The Art of Making Pancakes: A student comically explains why making pancakes is an art form.

First things first: the batter. I suppose you could technically make your own, but that honestly sounds exhausting. Why would you put any more effort into this than you have to; we are making cooked batter discs here, not ornate French cuisine. Just pull out the eternal box of Bisquick every house seems to have and you’ll be good. There are probably directions on the box: ignore them. Only the weak use directions. Don’t be that guy that pulls out measuring cups to make freaking pancakes. Just pour an arbitrary amount of milk or water and an arbitrary amount of powder into a bowl until it seems about right. More powder means thicker batter, and thicker batter means thicker pancakes. 
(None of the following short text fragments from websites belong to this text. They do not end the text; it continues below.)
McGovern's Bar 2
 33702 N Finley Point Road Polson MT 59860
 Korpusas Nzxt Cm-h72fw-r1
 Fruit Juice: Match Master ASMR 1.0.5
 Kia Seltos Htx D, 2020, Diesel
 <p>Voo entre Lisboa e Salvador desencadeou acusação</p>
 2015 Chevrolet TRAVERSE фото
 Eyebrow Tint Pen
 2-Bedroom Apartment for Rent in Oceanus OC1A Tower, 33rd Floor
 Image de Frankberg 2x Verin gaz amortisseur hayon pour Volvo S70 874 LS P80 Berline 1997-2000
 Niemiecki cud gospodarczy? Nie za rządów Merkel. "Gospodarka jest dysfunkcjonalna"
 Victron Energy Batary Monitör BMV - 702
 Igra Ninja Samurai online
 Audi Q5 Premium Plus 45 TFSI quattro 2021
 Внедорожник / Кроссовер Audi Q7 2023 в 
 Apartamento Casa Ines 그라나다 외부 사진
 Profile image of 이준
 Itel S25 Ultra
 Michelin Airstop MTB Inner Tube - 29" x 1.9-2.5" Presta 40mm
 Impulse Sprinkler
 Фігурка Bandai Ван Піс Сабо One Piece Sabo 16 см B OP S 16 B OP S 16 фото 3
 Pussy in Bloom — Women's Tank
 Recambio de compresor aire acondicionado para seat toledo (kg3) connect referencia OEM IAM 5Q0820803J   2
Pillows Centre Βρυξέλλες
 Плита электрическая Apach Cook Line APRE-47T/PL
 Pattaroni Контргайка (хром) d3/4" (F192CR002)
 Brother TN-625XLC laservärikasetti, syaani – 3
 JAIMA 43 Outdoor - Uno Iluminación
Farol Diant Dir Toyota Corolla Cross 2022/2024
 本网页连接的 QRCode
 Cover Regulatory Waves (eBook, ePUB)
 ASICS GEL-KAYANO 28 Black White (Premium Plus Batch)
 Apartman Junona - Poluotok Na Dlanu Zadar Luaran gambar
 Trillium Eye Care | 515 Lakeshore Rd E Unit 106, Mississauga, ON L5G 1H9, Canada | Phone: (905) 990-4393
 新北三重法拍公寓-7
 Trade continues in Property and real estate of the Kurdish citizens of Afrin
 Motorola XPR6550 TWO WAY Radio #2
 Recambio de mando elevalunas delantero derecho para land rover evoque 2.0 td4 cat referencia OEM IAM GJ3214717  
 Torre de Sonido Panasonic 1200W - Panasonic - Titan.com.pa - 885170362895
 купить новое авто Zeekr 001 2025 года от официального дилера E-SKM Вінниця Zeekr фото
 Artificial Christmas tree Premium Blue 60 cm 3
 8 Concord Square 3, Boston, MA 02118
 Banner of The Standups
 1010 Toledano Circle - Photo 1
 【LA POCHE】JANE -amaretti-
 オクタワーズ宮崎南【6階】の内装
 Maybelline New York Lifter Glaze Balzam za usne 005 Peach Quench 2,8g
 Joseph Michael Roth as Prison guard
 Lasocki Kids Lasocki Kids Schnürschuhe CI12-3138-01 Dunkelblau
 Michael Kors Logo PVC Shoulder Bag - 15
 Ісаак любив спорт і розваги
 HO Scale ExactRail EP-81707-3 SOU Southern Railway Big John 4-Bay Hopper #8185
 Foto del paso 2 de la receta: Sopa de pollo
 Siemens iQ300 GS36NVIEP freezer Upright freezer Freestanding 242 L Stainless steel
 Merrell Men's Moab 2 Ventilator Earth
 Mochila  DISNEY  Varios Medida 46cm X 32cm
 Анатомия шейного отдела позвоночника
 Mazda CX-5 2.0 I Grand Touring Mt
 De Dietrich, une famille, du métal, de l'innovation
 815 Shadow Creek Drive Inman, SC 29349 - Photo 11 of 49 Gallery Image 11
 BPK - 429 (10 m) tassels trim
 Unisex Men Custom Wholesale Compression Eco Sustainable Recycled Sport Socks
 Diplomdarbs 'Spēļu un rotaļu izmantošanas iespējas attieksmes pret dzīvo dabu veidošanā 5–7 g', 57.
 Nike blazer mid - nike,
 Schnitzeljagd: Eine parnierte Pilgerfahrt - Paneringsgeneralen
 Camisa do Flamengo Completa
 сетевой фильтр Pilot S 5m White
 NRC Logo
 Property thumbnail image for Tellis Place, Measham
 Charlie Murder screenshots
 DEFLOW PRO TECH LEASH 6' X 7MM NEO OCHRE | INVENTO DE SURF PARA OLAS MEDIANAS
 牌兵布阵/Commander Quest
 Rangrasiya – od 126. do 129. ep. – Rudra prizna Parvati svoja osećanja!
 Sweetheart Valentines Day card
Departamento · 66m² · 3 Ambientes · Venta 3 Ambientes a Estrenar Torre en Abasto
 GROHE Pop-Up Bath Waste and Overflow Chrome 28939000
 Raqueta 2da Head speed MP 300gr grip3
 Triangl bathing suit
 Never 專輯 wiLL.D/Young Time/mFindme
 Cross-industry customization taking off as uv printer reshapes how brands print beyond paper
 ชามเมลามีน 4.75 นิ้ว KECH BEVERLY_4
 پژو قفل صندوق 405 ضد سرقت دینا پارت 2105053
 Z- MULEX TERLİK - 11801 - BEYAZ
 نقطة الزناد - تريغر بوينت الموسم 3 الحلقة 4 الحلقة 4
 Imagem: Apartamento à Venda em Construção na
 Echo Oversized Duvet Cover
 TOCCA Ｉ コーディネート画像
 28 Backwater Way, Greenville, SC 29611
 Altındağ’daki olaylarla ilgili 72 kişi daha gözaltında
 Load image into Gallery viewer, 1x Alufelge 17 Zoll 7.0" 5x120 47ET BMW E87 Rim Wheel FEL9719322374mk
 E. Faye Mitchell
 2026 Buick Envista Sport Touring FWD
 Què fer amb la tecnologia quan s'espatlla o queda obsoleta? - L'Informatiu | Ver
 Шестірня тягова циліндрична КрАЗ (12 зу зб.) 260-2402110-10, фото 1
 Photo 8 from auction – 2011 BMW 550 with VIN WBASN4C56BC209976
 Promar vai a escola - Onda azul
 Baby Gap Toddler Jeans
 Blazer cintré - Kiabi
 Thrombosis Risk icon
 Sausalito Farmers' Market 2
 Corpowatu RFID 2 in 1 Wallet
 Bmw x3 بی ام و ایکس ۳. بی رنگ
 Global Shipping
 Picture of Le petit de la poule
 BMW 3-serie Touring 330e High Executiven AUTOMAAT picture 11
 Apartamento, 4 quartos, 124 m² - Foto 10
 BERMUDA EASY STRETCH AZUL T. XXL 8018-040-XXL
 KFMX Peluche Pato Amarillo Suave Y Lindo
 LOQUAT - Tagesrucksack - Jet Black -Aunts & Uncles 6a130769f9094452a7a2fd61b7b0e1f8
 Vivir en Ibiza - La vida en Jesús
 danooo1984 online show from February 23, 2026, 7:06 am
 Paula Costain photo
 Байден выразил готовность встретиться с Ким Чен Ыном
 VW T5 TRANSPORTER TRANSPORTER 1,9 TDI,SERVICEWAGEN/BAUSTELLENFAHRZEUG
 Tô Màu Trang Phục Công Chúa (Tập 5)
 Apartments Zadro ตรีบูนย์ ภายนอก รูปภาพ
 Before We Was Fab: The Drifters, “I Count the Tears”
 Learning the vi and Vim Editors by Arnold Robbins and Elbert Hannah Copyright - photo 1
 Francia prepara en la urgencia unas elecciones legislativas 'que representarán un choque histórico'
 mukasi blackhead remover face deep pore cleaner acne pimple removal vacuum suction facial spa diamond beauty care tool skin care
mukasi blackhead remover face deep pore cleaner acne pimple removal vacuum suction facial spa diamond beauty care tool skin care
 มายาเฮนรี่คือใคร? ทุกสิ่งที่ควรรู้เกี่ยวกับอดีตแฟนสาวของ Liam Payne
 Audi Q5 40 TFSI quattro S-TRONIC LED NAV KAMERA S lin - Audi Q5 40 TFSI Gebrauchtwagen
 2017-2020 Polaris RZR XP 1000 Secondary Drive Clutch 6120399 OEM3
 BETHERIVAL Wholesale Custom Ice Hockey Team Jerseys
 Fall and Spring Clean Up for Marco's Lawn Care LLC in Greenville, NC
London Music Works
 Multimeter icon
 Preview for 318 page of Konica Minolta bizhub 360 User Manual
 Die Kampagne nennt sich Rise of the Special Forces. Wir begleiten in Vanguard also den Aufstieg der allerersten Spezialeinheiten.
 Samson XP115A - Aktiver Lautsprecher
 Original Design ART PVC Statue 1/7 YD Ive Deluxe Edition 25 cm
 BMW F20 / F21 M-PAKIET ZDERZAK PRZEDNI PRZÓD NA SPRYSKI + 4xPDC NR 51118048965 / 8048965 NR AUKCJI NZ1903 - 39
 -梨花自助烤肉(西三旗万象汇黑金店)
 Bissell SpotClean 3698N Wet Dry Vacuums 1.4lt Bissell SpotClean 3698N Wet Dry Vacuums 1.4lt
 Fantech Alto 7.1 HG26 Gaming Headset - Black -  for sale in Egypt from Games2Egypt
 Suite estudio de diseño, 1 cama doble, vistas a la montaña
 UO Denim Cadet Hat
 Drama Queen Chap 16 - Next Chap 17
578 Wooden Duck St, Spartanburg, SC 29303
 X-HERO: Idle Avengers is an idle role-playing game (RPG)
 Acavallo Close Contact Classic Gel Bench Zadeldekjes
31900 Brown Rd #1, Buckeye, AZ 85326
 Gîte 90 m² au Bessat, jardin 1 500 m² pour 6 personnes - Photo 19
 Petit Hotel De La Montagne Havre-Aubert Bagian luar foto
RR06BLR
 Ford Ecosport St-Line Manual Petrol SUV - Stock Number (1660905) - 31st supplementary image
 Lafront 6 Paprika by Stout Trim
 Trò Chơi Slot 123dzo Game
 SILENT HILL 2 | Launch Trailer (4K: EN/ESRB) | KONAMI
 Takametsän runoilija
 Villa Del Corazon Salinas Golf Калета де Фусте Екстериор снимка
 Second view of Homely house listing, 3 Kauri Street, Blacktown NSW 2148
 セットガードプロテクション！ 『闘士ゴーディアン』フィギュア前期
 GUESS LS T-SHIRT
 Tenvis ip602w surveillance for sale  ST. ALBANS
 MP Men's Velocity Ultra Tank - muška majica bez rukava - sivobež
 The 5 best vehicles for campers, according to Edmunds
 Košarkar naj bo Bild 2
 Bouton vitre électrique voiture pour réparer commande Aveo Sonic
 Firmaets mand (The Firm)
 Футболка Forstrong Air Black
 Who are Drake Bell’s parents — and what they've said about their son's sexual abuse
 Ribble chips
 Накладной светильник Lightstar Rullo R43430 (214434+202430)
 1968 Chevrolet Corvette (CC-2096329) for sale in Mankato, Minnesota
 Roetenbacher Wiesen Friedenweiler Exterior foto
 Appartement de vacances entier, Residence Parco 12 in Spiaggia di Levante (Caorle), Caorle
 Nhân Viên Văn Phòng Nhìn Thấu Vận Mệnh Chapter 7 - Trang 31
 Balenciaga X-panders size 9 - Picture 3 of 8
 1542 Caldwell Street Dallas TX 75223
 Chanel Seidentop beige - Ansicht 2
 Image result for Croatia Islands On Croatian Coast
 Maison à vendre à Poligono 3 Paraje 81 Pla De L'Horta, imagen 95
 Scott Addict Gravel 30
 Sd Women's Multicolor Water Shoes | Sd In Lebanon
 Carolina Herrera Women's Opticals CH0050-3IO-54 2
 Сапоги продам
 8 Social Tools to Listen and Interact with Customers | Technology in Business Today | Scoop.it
Now comes the best part: cooking the dang things. You could use a regular circular pan, but the best method is to use a square or tabletop rectangular griddle; you can make more pancakes more efficiently on squared cooking surfaces. After buttering the surface, pour circles of batter onto the pan, and let gravity do the spreading. If you try to manually add batter and micro-manage the circles, the browning will come out weird and uneven. As you decide which size of pancakes will be best, remember that the smaller the pancakes, the more you can fit, but the larger the pancakes, the more accomplished you’ll feel when you flip them. Speaking of flipping, the number one thing you need is confidence. Pans can smell your fear and will laugh at any feeble, petty attempts to flip carefully (This is especially true if you’re trying to do the cool air-flip thing, which should only be attempted for singular, large pancakes). Once you learn to slide and flip your spatula with confidence, the number of times you flip a pancake onto its neighbor or clip the edge of the pan will decrease dramatically. Flip the pancakes when bubbles are nearly popping on the surface. The first batch will be weirdly pale and unevenly cooked. Fear not; such is every first batch of pancakes. Save these for yourself to eat after you’ve served batch after batch of beautifully browned pancakes to happy customers; this will remind you that even you, a great pancake master, are not above mistakes. The first batch’s mediocrity was not in vain, however, since now the fat in the pan is evenly distributed and ready to brown the next generation. 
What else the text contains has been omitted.